-------- DATA PROVIDED
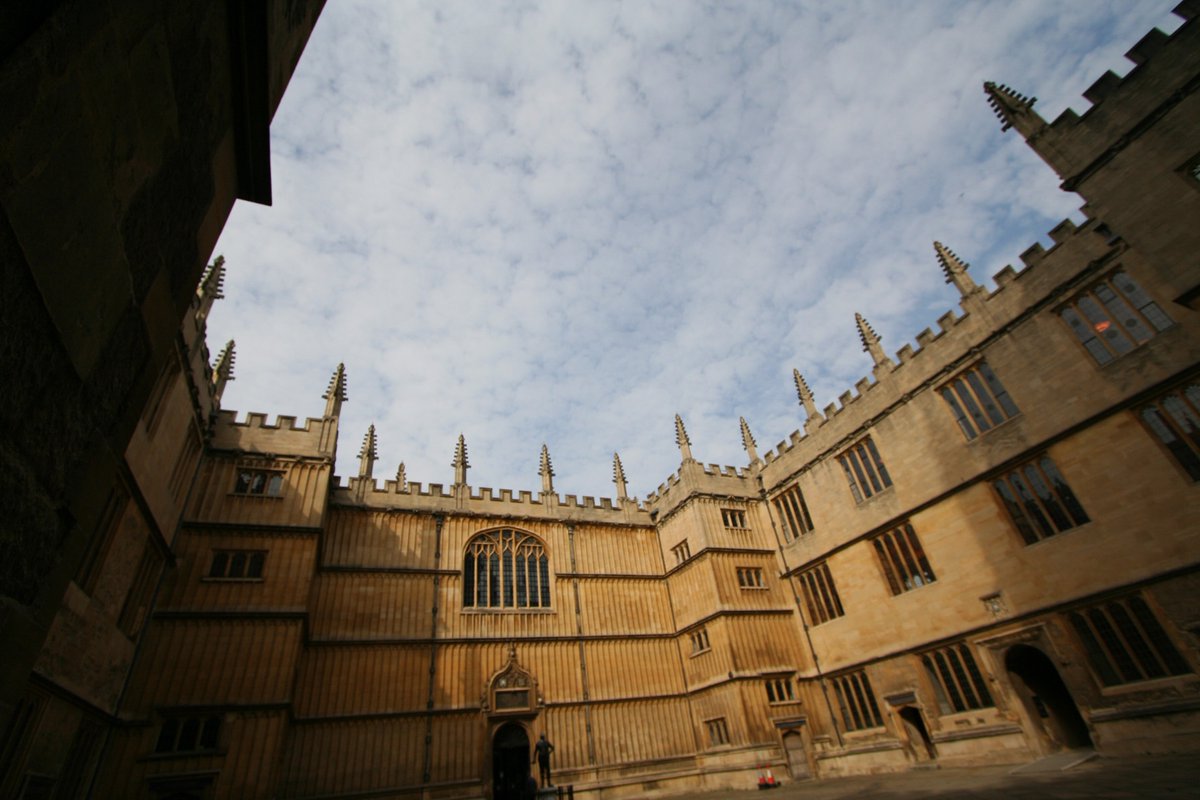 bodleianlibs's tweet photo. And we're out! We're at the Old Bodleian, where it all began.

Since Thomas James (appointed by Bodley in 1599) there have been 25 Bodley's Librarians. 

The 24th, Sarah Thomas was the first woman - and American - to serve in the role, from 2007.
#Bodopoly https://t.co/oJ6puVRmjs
----------------
-------- DATA PROVIDED
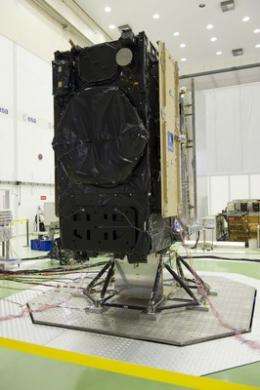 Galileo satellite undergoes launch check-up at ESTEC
----------------
From the records given above, copy all lines containing "Thomas".

_SOLUTION TO THE PROBLEM_
Since Thomas James (appointed by Bodley in 1599) there have been 25 Bodley's Librarians. 
The 24th, Sarah Thomas was the first woman - and American - to serve in the role, from 2007.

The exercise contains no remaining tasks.